Over the years, I’ve written dozens of employee handbooks. In the beginning, these contained fairly standard formats that were not very exciting, and consequently they weren’t very popular or well-read:
· They were mostly filled with rules.
· Many of them stressed what not to do.
· They rarely bothered explaining what to do.
· It was mostly what companies gave employees.
· And then what was expected from them in return.

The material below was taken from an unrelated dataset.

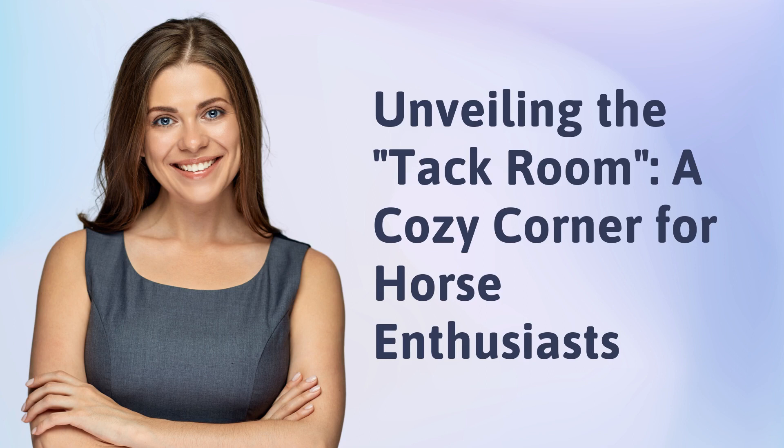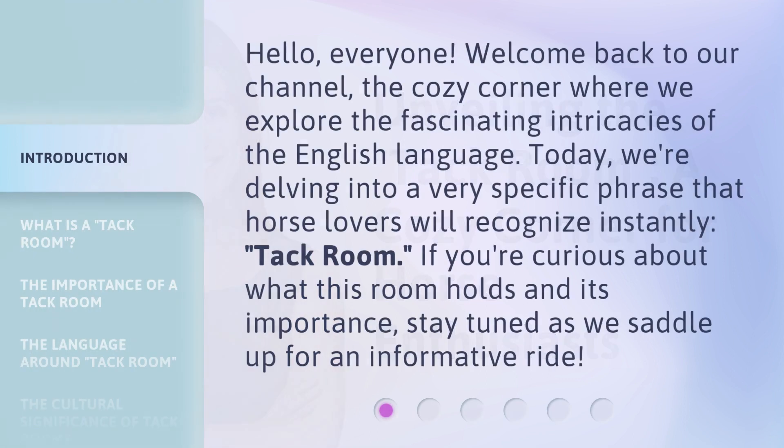Unveiling the TAC Room, a cozy corner for horse enthusiasts. Hello everyone, welcome back to our channel, the cozy corner where we explore the fascinating intricacies of the English language. Today we're delving into a very specific phrase that horse lovers will recognize instantly: TAC Room. If you're curious about what this room holds and its importance, stay tuned as we saddle up for an informative ride.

Over the course of writing all these handbooks, it started to dawn on me that the more rules we put in them, the more rules employees broke. The rules in those initial handbooks seemed to be used primarily to cite performance miscues on counseling notices. That’s when I started replacing the “don’ts” cited in those rules with more positively focused “do’s” and explaining what management would do when we caught employees doing things right. Later versions of these handbooks contained fewer and fewer rules and ultimately started referencing only the Golden Rule – to treat others and their stuff the way you wanted others to treat you and your stuff. Simple and straight-forward. More positive and inspiring. But as I looked at today’s quote, the lightbulb in my head began flashing with the idea that maybe this should also be included in handbooks, right next to the Golden Rule. Think about it – a handbook that said: if it’s not right, don’t do it; and if it’s not true, don’t say it. That’s a standard we all should get behind today.
Marcus Aurelius Antoninus (121 – 180): Roman emperor from 161 to 180 and a Stoic philosopher.